§ SOURCE MATERIAL:

★ ★ ★

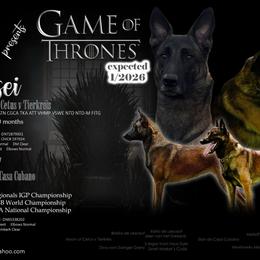 Belgian Malinois puppies from Abenteurer German Shepherds & Belgian Malinois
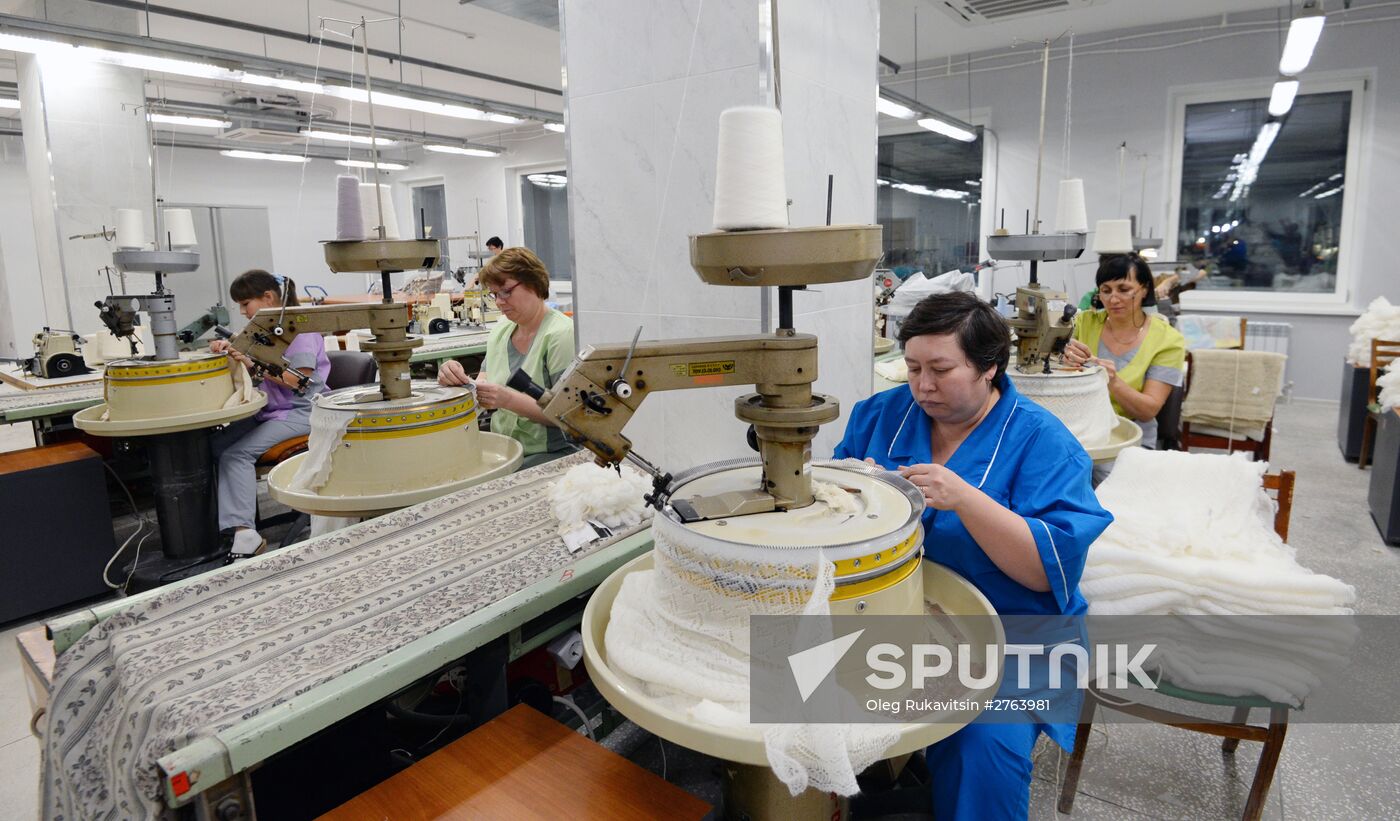 Orenburg Downy Shawls Industrial Park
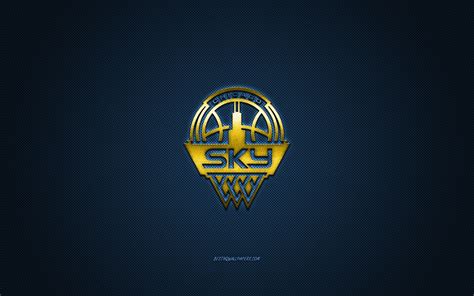 Download Wallpapers Chicago Sky American Basketball Club Wnba Yellow Logo Blue Carbon Fiber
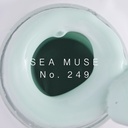 Gel Polish N°249 SEA MUSE 10ml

★ ★ ★

§ REQUIREMENT: Would you set down every line of the data above exactly, skipping the pictures?

§ RESPONSE TO THIS EXERCISE:
 Belgian Malinois puppies from Abenteurer German Shepherds & Belgian Malinois
 Orenburg Downy Shawls Industrial Park
 Download Wallpapers Chicago Sky American Basketball Club Wnba Yellow Logo Blue Carbon Fiber
 Gel Polish N°249 SEA MUSE 10ml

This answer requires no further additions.